Member of the New Jersey General Assembly from the 16th district
- In office 2008–2012 Serving with Peter J. Biondi (2008–2011) Jack Ciattarelli (2011–2012)
- Preceded by: Kip Bateman
- Succeeded by: Donna Simon

Personal details
- Born: June 22, 1953 (age 73)
- Party: Republican
- Spouse: Dr. Dennis Coyle
- Children: 2
- Education: Saint Mary's College, Rutgers School of Law - Camden

= Denise Coyle =

American Republican Party politician

Denise Coyle (born June 22, 1953) is an American Republican Party politician who served in the New Jersey General Assembly from January 2008 to January 2012, where she represented the 16th Legislative District.

In the Assembly, Coyle served on the Financial Institutions and Insurance Committee and the Human Services Committee.

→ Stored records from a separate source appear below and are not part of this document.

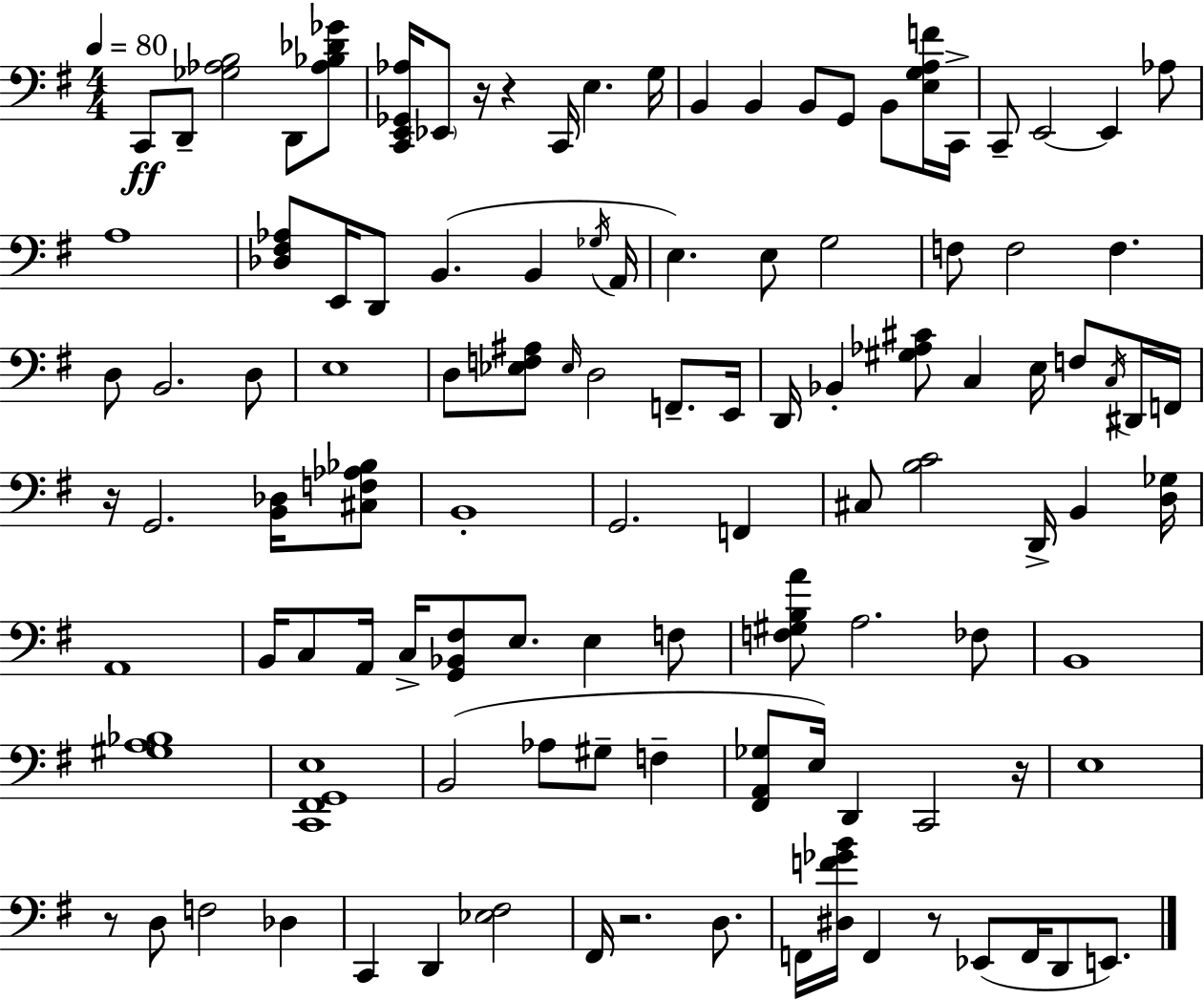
{
  \clef bass
  \numericTimeSignature
  \time 4/4
  \key g \major
  \tempo 4 = 80
  c,8\ff d,8-- <ges aes b>2 d,8 <aes bes des' ges'>8 | <c, e, ges, aes>16 \parenthesize ees,8 r16 r4 c,16 e4. g16 | b,4 b,4 b,8 g,8 b,8 <e g a f'>16 c,16-> | c,8-- e,2~~ e,4 aes8 | \break a1 | <des fis aes>8 e,16 d,8 b,4.( b,4 \acciaccatura { ges16 } | a,16 e4.) e8 g2 | f8 f2 f4. | \break d8 b,2. d8 | e1 | d8 <ees f ais>8 \grace { ees16 } d2 f,8.-- | e,16 d,16 bes,4-. <gis aes cis'>8 c4 e16 f8 | \break \acciaccatura { c16 } dis,16 f,16 r16 g,2. | <b, des>16 <cis f aes bes>8 b,1-. | g,2. f,4 | cis8 <b c'>2 d,16-> b,4 | \break <d ges>16 a,1 | b,16 c8 a,16 c16-> <g, bes, fis>8 e8. e4 | f8 <f gis b a'>8 a2. | fes8 b,1 | \break <gis a bes>1 | <c, fis, g, e>1 | b,2( aes8 gis8-- f4-- | <fis, a, ges>8 e16) d,4 c,2 | \break r16 e1 | r8 d8 f2 des4 | c,4 d,4 <ees fis>2 | fis,16 r2. | \break d8. f,16 <dis f' ges' b'>16 f,4 r8 ees,8( f,16 d,8 | e,8.) \bar "|."
}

Coyle was a member of the Somerset County Board of Chosen Freeholders from 1996 to 2007, serving as Deputy Director in 1998, 2003 and 2007 and as Director in 1999 and 2004. She served on the Branchburg Township Committee from 1992 to 1996, serving as Deputy Mayor of Branchburg in 1994, and as Mayor of Branchburg, New Jersey in 1993.

Coyle received a B.A. in History from Saint Mary's College, Notre Dame, Indiana, and was awarded a J.D. from Rutgers School of Law - Camden. Coyle is married to Dr. Dennis Coyle and has two daughters, Kathryn and Kara.

Coyle did not run for re-election in 2011. She was succeeded by Donna Simon.